(Captioned web images)
===

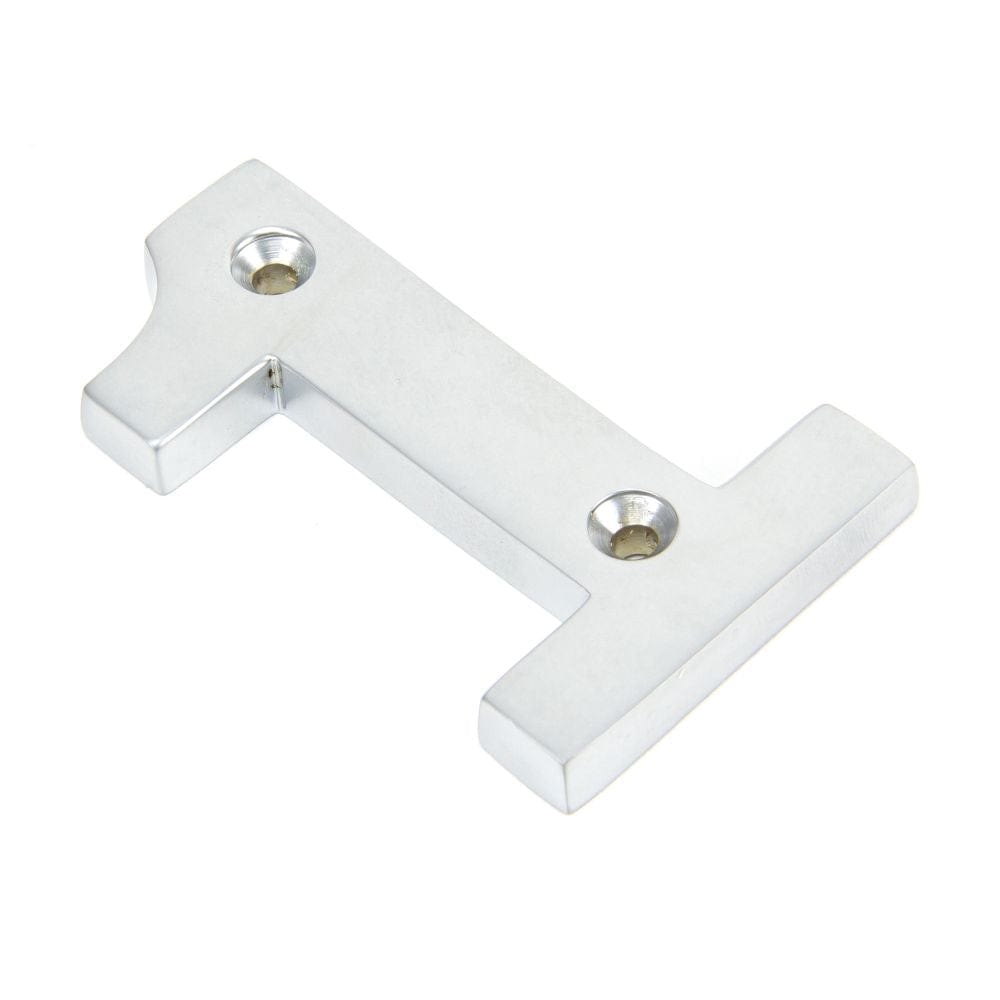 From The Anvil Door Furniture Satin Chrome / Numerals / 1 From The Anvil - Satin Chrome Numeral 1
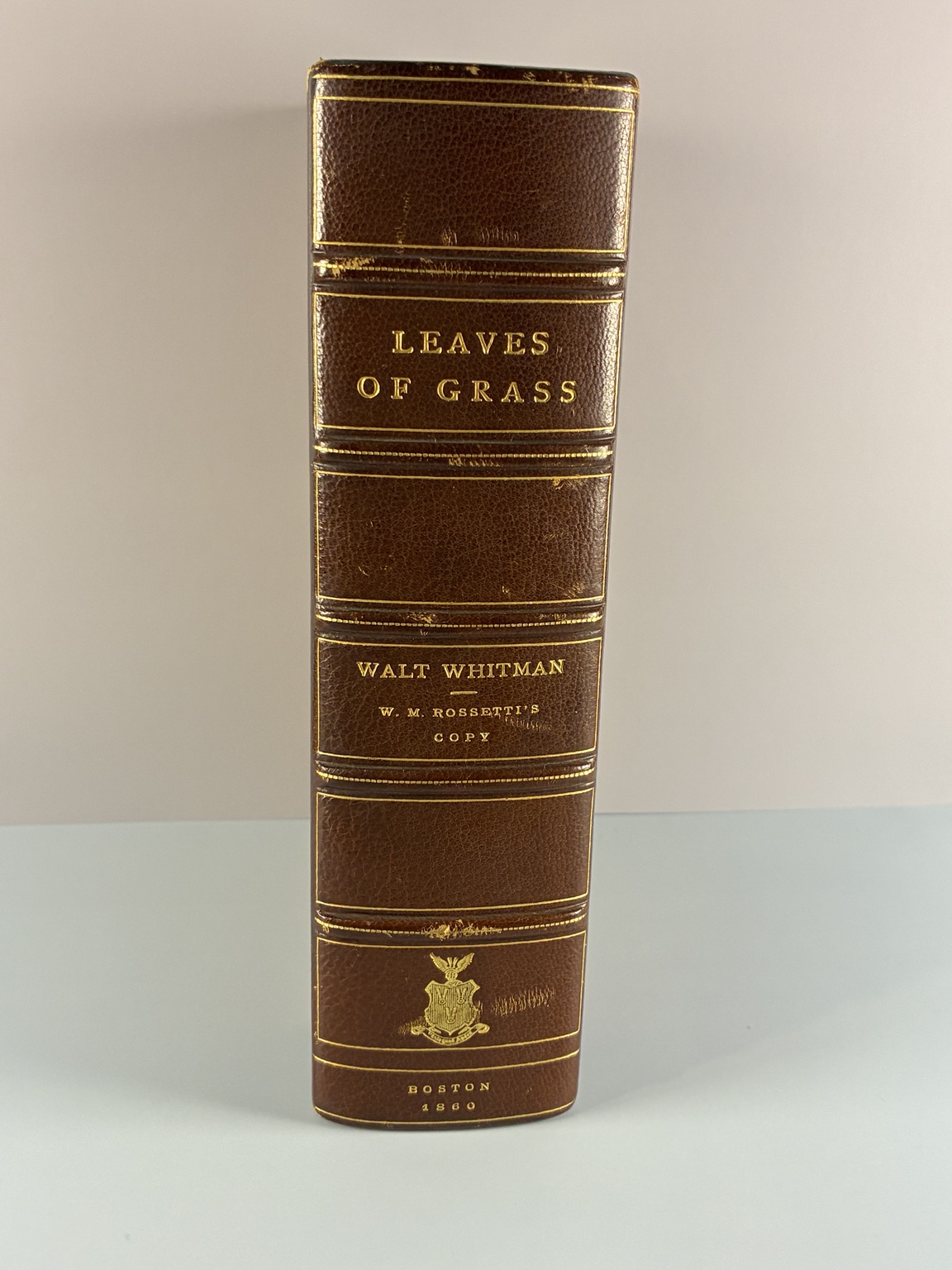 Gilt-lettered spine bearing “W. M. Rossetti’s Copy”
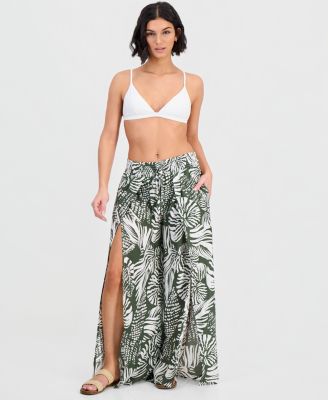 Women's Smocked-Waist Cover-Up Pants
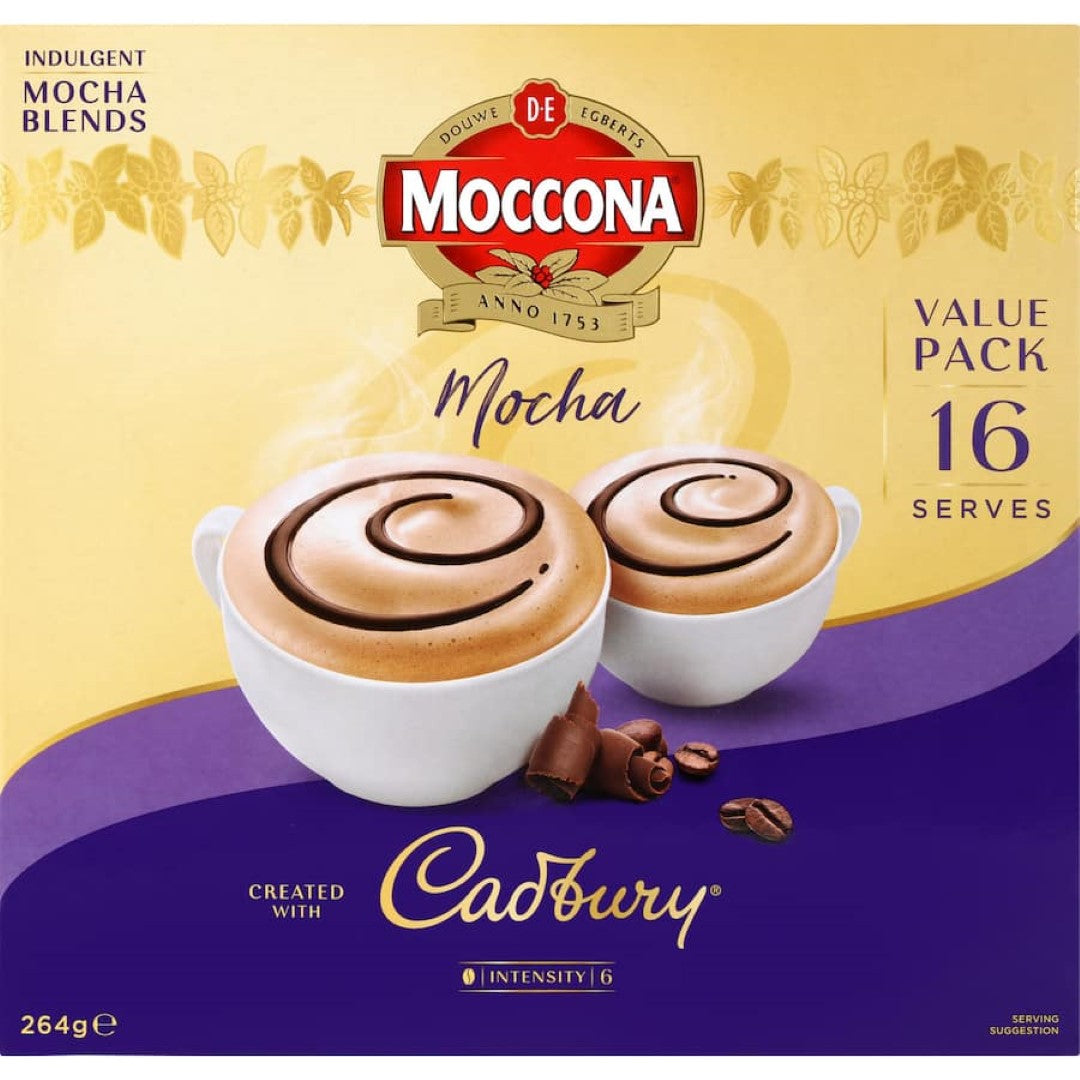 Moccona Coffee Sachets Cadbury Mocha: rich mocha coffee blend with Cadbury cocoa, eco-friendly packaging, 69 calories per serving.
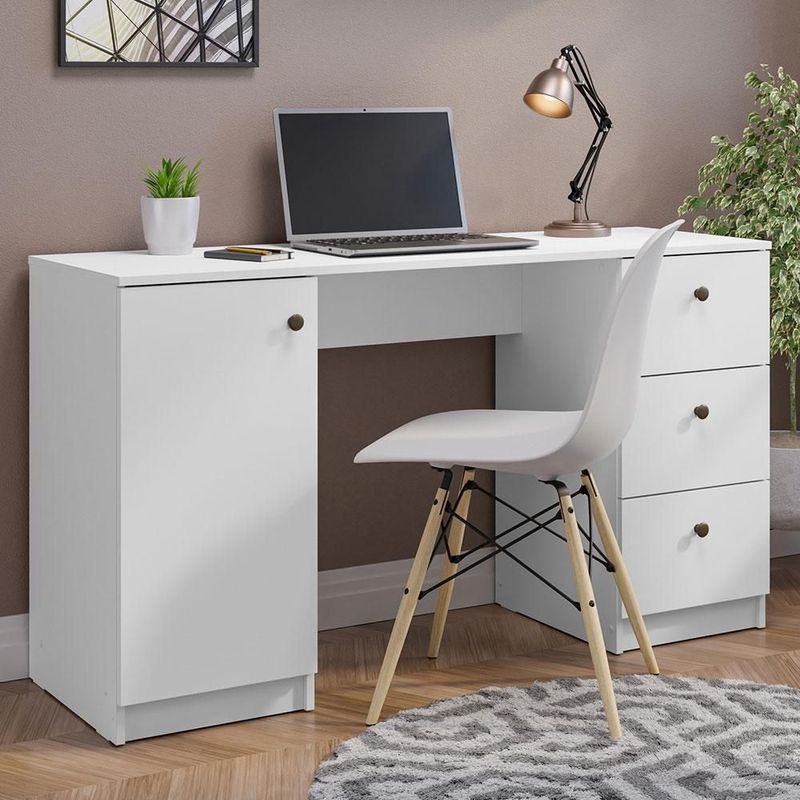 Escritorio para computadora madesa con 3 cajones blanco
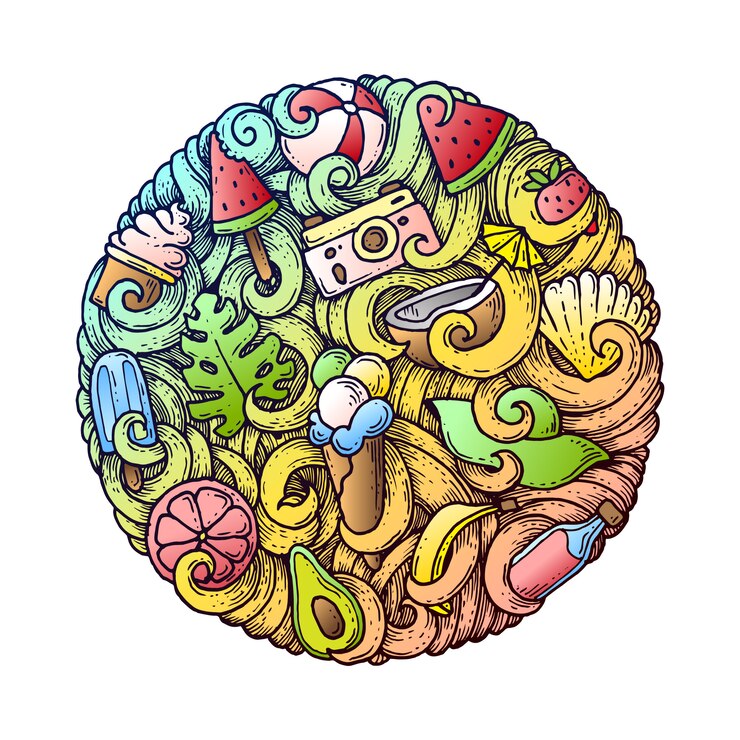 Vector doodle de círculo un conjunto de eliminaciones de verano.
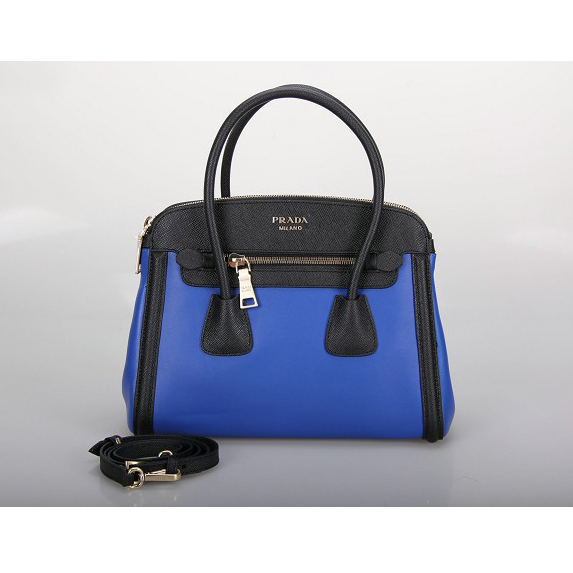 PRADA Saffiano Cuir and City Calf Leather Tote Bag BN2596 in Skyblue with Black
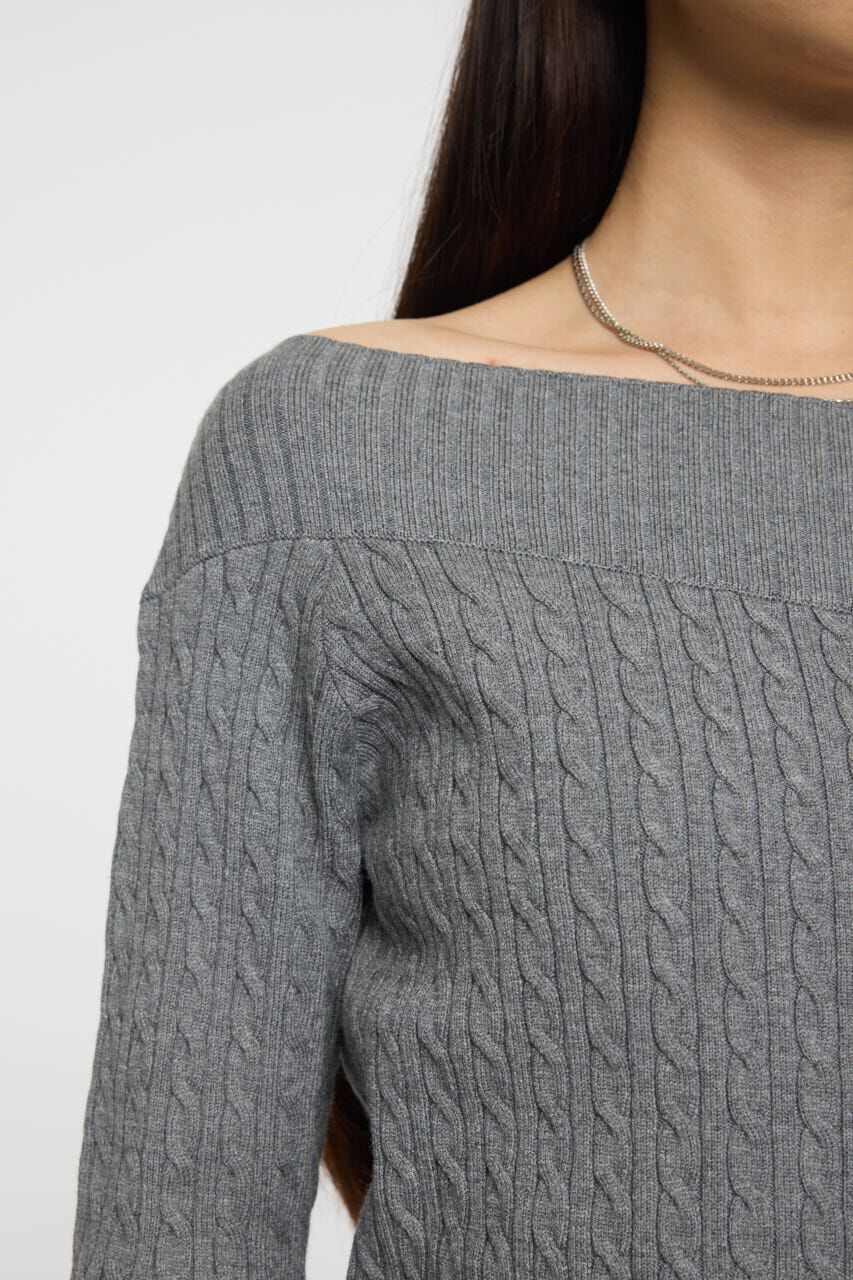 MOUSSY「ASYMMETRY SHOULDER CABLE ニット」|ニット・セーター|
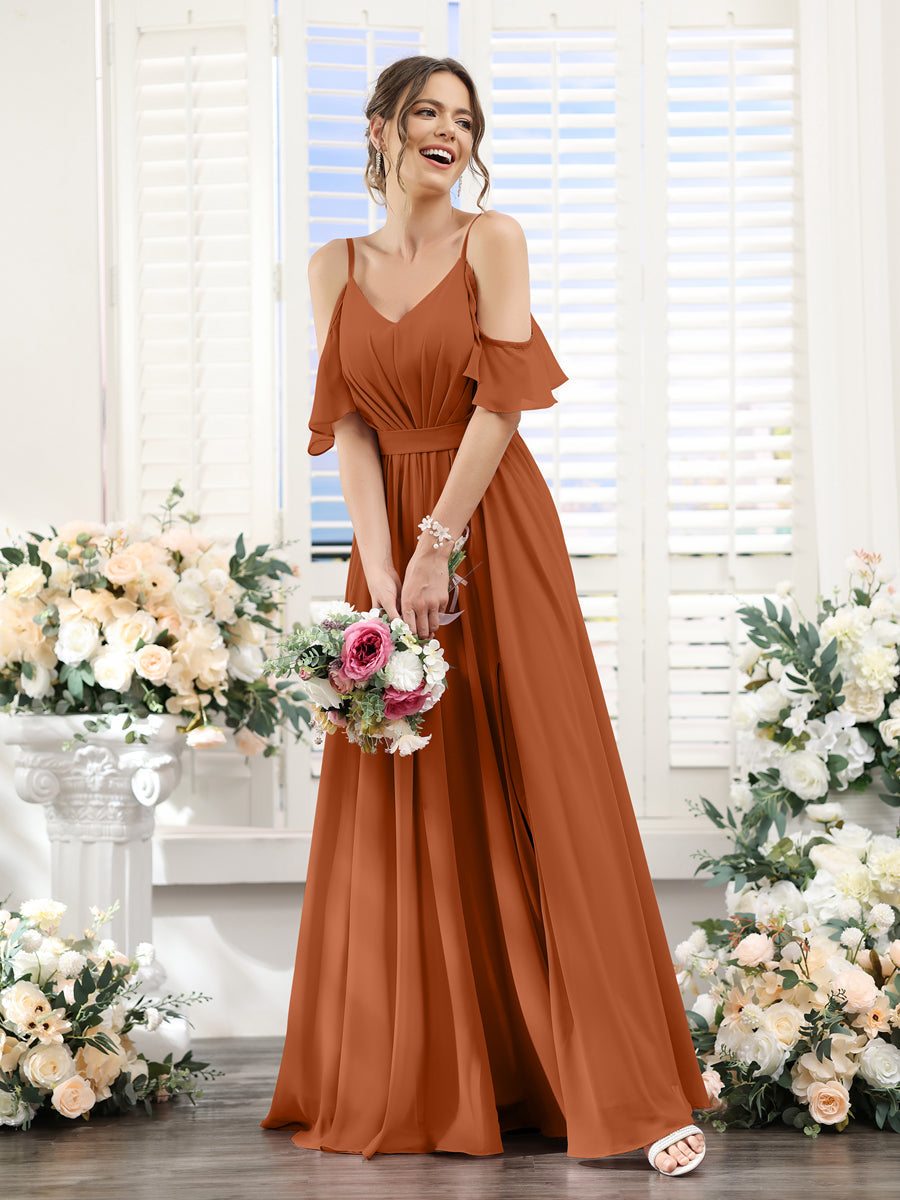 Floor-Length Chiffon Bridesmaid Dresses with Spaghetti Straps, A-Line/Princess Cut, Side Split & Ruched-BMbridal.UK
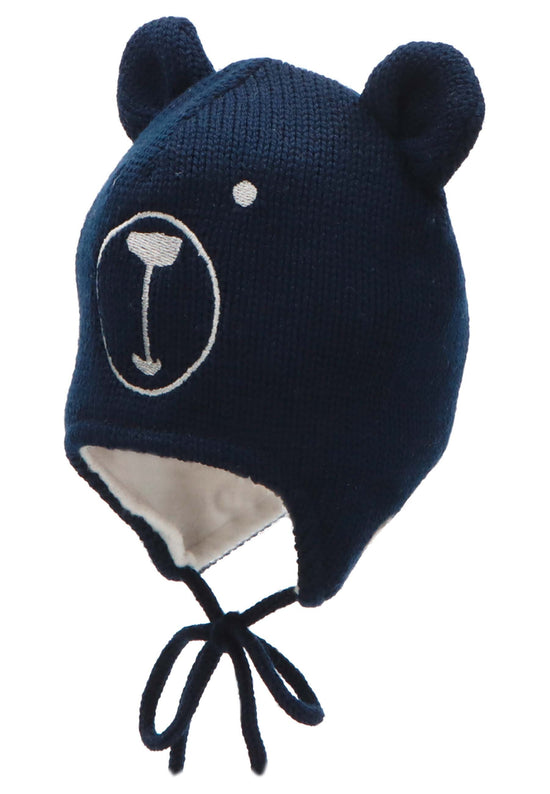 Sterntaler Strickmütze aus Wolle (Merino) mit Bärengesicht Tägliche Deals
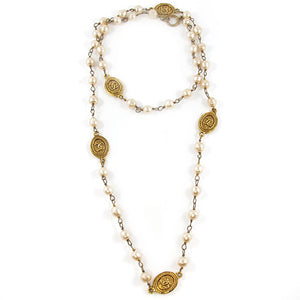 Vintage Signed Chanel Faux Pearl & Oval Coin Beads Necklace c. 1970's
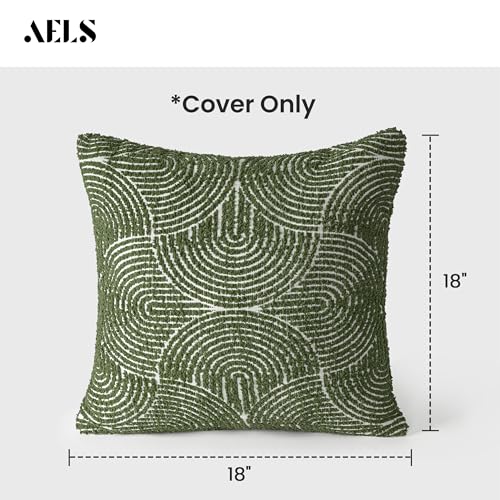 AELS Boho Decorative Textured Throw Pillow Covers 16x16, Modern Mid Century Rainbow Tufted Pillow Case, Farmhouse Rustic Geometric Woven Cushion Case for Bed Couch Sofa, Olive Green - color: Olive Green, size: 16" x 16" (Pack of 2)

===

* _What to work on_: When you reach the line with "Women's Smocked-Waist Cover-Up Pants" in the entries above, start copying, and go on word for word to the last line; skip any picture.

* _Written solution_:
 Women's Smocked-Waist Cover-Up Pants
 Moccona Coffee Sachets Cadbury Mocha: rich mocha coffee blend with Cadbury cocoa, eco-friendly packaging, 69 calories per serving.
 Escritorio para computadora madesa con 3 cajones blanco
 Vector doodle de círculo un conjunto de eliminaciones de verano.
 PRADA Saffiano Cuir and City Calf Leather Tote Bag BN2596 in Skyblue with Black
 MOUSSY「ASYMMETRY SHOULDER CABLE ニット」|ニット・セーター|
 Floor-Length Chiffon Bridesmaid Dresses with Spaghetti Straps, A-Line/Princess Cut, Side Split & Ruched-BMbridal.UK
 Sterntaler Strickmütze aus Wolle (Merino) mit Bärengesicht Tägliche Deals
 Vintage Signed Chanel Faux Pearl & Oval Coin Beads Necklace c. 1970's
 AELS Boho Decorative Textured Throw Pillow Covers 16x16, Modern Mid Century Rainbow Tufted Pillow Case, Farmhouse Rustic Geometric Woven Cushion Case for Bed Couch Sofa, Olive Green - color: Olive Green, size: 16" x 16" (Pack of 2)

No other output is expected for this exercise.